= Recycled glass countertop =

A recycled glass countertop is composed of 100% recycled glass (post consumer and pre-consumer) in a cement- or petroleum-based binder. A finished recycled glass countertop often ranges from 70 to 85 percent in recycled content.

== Environmental concerns ==
The glass used in recycled glass countertops is sourced from both post-consumer and pre-consumer sources. Post-consumer recycled glass sources are numerous, but the most common sources are curbside recycling and salvaged glass from demolished buildings.
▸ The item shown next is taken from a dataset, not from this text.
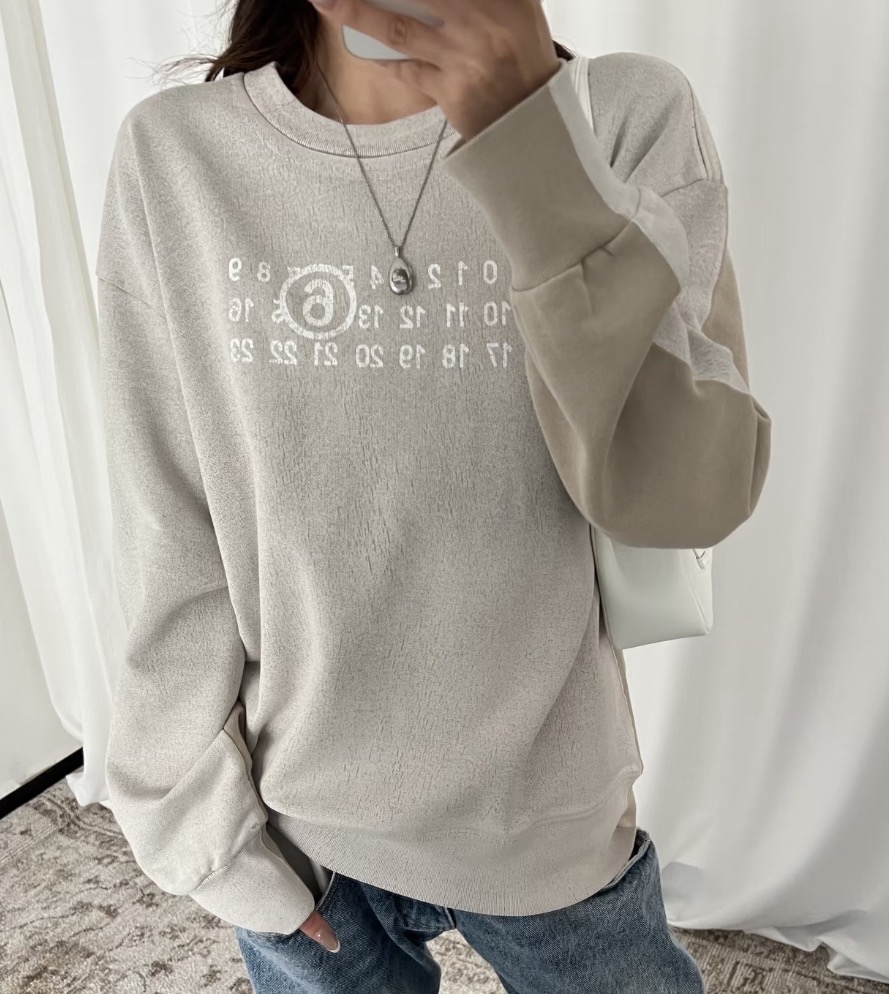 Mm6 Mm6 數字靚洗水衛衣 16y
Curbside recycled glass from homes and businesses is the largest source of post consumer recycled glass (California recycled 79% of its glass bottles in 2008), but salvage glass is an emerging new source. Many more state and municipal governments have begun to mandate the separation and recycling of the glass pulled from demolished buildings. Some companies are now processing locally sourced glass into aggregate to more closely meet the LEED, USGBC specifications.

Where the recycled glass countertops are made is another variable that is taken into account when determining the sustainability of a recycled glass countertop. At this time most of the companies manufacture their products in the United States, but recycled glass countertops have gained international interest. Now some foreign companies have begun to export recycled glass countertops to the US. This practice of importing heavy (14.5 lbs/sqr ft) recycled glass countertops from overseas when there is such a large quantity of recycled glass in the US has quickly come under scrutiny. The Leadership in Energy and Environmental Design (LEED) certification program has begun to put increasing weight on the importance of regional manufacturing to reduce the carbon footprint of building materials. This focus on materials made in the USA has the secondary effect of encouraging the support of US business in a time of economic downturn.

== Criticism ==
Heavy weight, loaded near a corner of a countertop, may cause it to crack.

Additionally, acidic foods and cleaners that are not immediately wiped off of a recycled glass countertop may permanently mar the surface.